Hanif is right to ridicule General Zia and bemoan his legacy of blood and bombs that has destroyed the Quaid’s Pakistan. Hanif is also right to point out that without publicly owning up to it, the Pakistan Army has continued Zia’s mission in open and in secret that has in Hanif’s words ‘turned the country into an international jihadi tourist resort’, creating a Frankenstein monster that keeps us all awake day and night.

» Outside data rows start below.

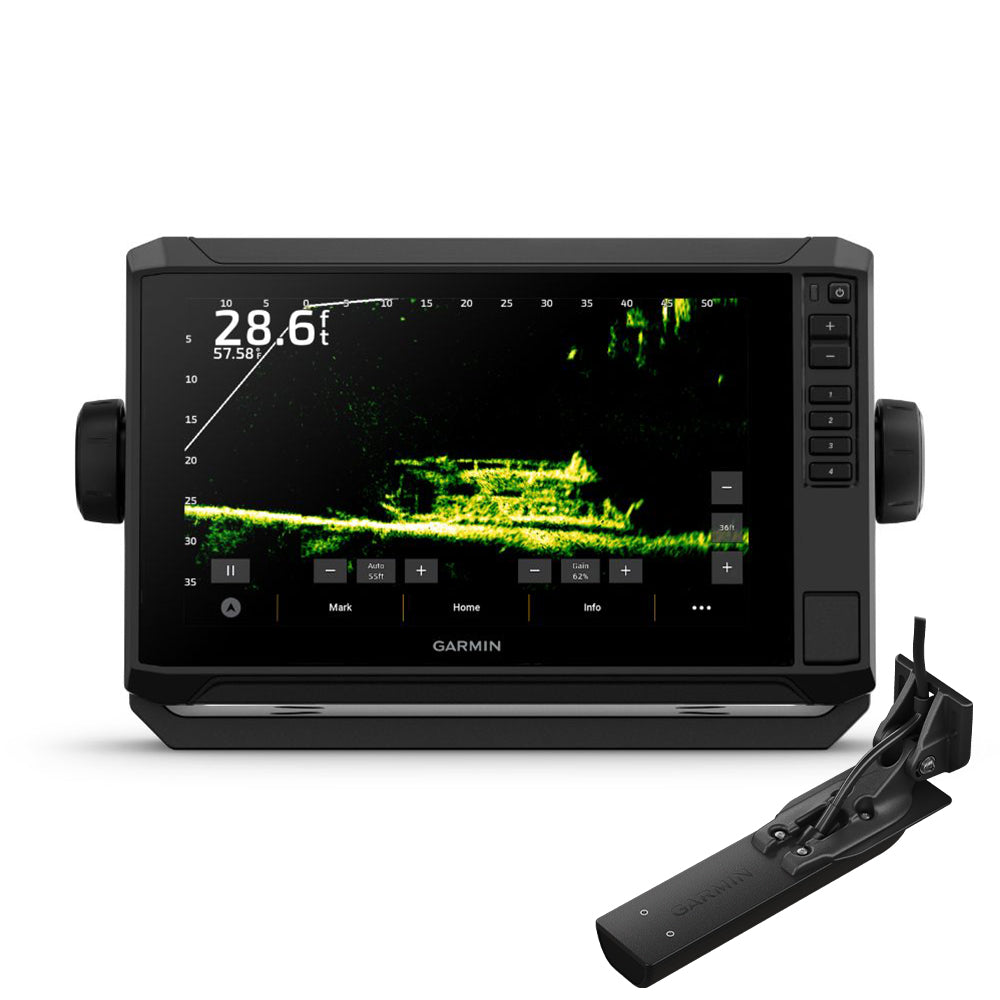 Garmin ECHOMAP UHD2 Touch 95sv Chartplotter With GT56UHD-TM Transducer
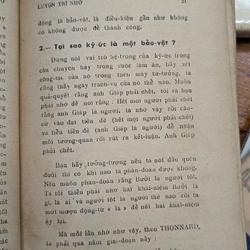 Luyện Trí Nhớ - Hoàng Xuân Việt (sách xưa 1972 còn rất mới) 494987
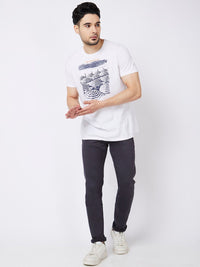 SPYKAR Men Clean Look Slim Fit Narrow Low-Rise Stretchable Jeans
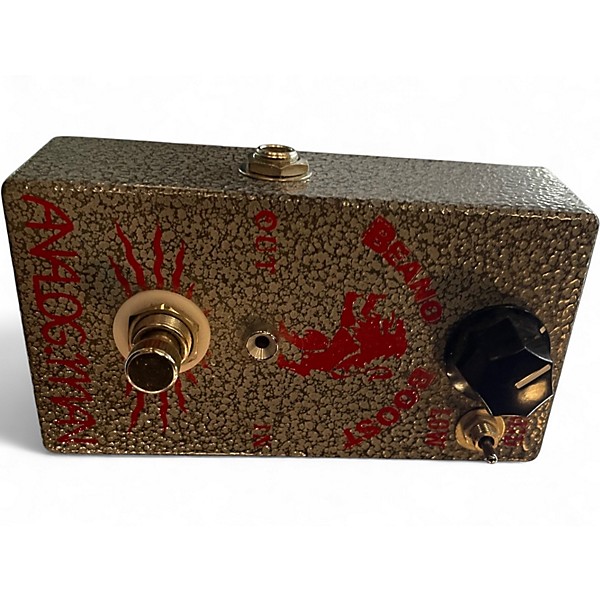 Used Analogman BEANO BOOST Effect Pedal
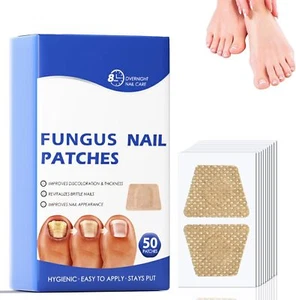 Toenail Fungus Treatment - 50 Patches Nail Fungus Treatment for Toenail Extra... - Picture 1 of 7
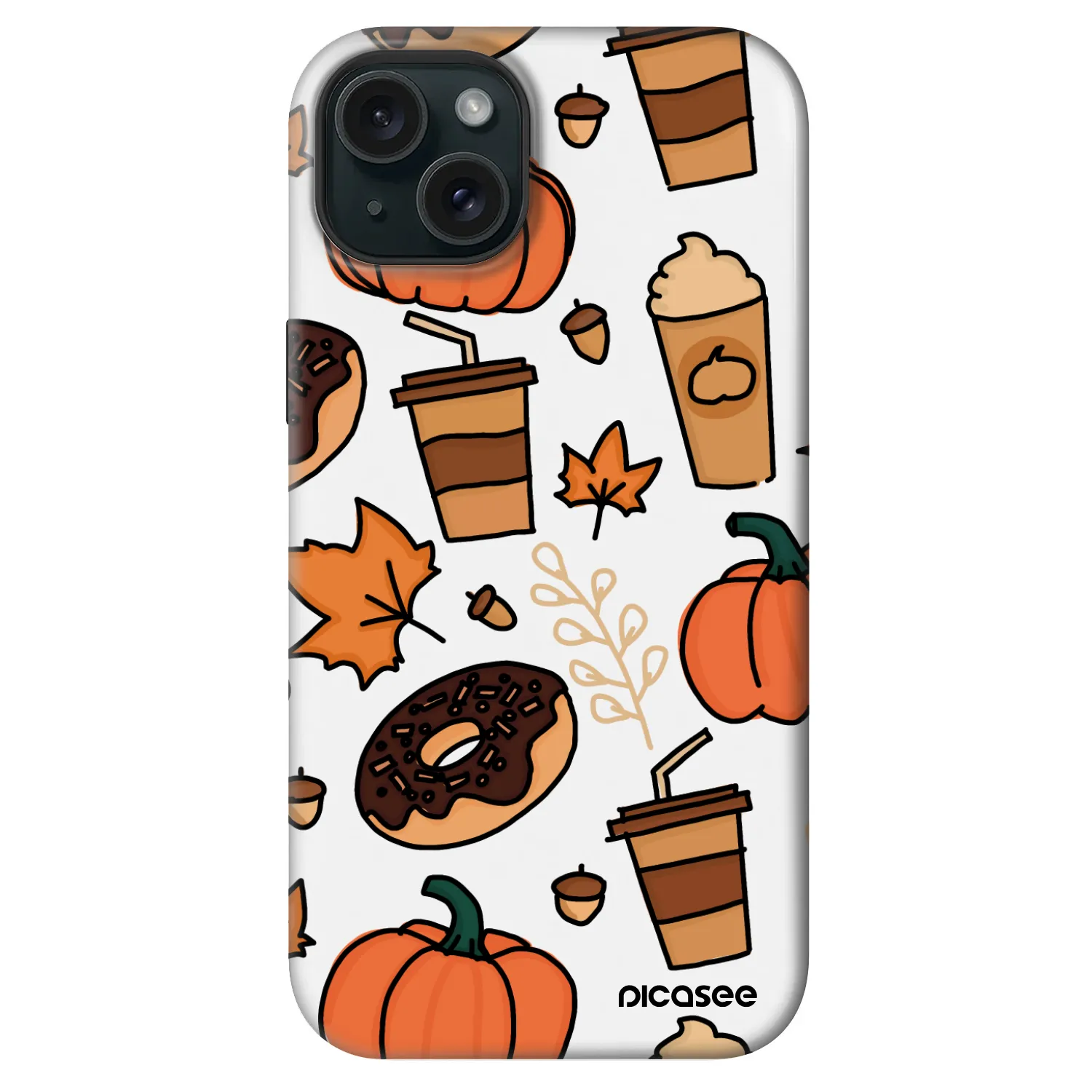 Picasee Fashion Case MagSafe pentru Apple iPhone 14 Plus - Fallovers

Hanif’s article captures the dilemma of the Pakistani and the Pakistani state, which one hand prides itself on its Islamic credentials as it should for Pakistan was created to be the second Madina. Yet on the other hand, that Pakistan is under attack from the so-called followers of same Islam that created Pakistan thanks to the Pakistani Taliban and other groups. Consequently Pakistan is a confused nation that is left wondering whose Pakistan and which Islam is under attack and why and left even more confused daily. Hanif sums up our predicament in the following passage in his article:

The Pakistan Army’s biggest folly has been that under Zia it started outsourcing its basic job—soldiering—to these freelance militants. By blurring the line between a professional soldier—who, at least in theory, is always required to obey his officer, who in turn is governed by a set of laws—and a mujahid, who can pick and choose his cause and his commander depending on his mood, the Pakistan Army has caused immense confusion in its own ranks. Our soldiers are taught to shout Allah-o-Akbar when mocking an attack. In real life, they are ambushed by enemies who shout Allah-o-Akbar even louder. Can we blame them if they dither in their response? When the Pakistan Navy’s main aviation base in Karachi, PNS Mehran, was attacked, Navy Chief Admiral Nauman Bashir told us that the attackers were ‘very well trained’. We weren’t sure if he was giving us a lazy excuse or admiring the creation of his institution. When naval officials told journalists that the attackers were ‘as good as our own commandoes’ were they giving themselves a backhanded compliment?’

Hanif is right to criticise General Kiyani and his stellar leadership when he declared that the Pakistan army had broke the backs of the militancy and boasted of his promise that Pakistan will never bargain its honour for prosperity. Hanif puts Kayani right when he writes that ‘as things stand, most people in Pakistan have neither honour nor prosperity and will easily settle for their little world not blowing up every day, the question people really want to ask General Kiyani is that if he and his Army officer colleagues can have both honour and prosperity, why can’t we the people have a tiny bit of both?

Hanif’s article does not only focus on the role of General Zia, in fact later on he makes a brilliant assessment of Pervez Musharraf’s record as a general. Hanif’s description of the Kargil debacle and Musharraf’s macho arrogance since the fiasco is instructive of the mindset of the Pakistan army under Musharraf and the army leadership and is also an open indictment on his person and a riposte to his article earlier in the B-side in which he arrogantly lectures the world on how to win the peace.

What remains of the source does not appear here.